Canada and Morocco meet at NRG Stadium in Houston on Saturday evening with a place in the World Cup quarter-finals the only prize that matters. For both nations, reaching the last 16 represents genuine progress. Surrendering here would make it all feel considerably less meaningful.
Canada arrive as the host nation carrying the weight of expectation that comes with that status. They have reached the knockout rounds, which is itself an achievement for a programme that did not qualify for a World Cup between 1986 and 2022. But the Round of 16 is where ambition has to become something harder-edged, and their record in this fixture does not offer much comfort. The one previous meeting between these sides ended 2-1 to Morocco, in the group stage of the 2022 tournament in Qatar. Canada have not beaten this opponent at senior level.

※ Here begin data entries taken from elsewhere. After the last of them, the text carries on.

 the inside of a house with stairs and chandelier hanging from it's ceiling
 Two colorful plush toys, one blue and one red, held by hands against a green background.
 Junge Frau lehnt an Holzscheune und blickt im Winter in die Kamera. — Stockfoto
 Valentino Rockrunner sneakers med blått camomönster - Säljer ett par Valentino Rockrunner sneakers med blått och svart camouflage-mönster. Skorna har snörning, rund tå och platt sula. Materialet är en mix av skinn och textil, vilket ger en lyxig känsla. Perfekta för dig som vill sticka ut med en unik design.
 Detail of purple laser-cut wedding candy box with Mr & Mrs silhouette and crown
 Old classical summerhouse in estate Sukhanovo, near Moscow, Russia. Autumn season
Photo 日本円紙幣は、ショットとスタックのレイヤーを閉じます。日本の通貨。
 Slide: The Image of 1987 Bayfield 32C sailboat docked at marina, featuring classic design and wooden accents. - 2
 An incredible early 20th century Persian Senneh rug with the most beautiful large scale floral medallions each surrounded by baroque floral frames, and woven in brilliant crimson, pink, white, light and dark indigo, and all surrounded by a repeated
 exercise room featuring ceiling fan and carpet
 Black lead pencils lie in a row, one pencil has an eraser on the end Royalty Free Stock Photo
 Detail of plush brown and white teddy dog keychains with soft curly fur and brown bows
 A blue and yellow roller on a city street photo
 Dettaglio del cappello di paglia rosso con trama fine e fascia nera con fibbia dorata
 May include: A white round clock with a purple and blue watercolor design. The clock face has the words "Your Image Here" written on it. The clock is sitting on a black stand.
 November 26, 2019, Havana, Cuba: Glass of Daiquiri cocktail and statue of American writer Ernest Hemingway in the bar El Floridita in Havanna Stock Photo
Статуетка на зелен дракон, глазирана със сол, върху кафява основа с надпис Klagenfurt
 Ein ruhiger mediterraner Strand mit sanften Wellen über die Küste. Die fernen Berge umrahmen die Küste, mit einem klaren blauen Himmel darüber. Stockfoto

Morocco, meanwhile, have earned the right to be taken seriously. They were the first African side to reach a World Cup semi-final when they did so in 2022, and they travel to Houston with a squad that blends European club experience at the highest level with a defensive organisation that has consistently been difficult to unpick. They are not here to make up the numbers.
Both squads report no fresh absences ahead of kick-off, which at least means both managers face their selection decisions with a full deck available.
The tactical question for Canada will be how aggressively they press from the front. Sitting deep against Morocco invites the kind of patient, probing possession play that the Moroccan midfield excels at. Going high up the pitch carries its own risks against a side comfortable in transition. There is no obviously comfortable posture for the hosts.
For Morocco, the priority will be controlling the tempo in a stadium that will be heavily pro-Canada. If they can quiet the crowd by keeping the ball, the occasion becomes considerably less intimidating.
The data leans firmly away from a Canadian victory. The prediction model puts the home side's chances at 10 per cent, with a draw and a Morocco win sharing the remaining 90 per cent equally at 45 apiece. In a knockout match where extra time and penalties are always possible, that split reflects just how much Morocco are considered the superior side heading into this one.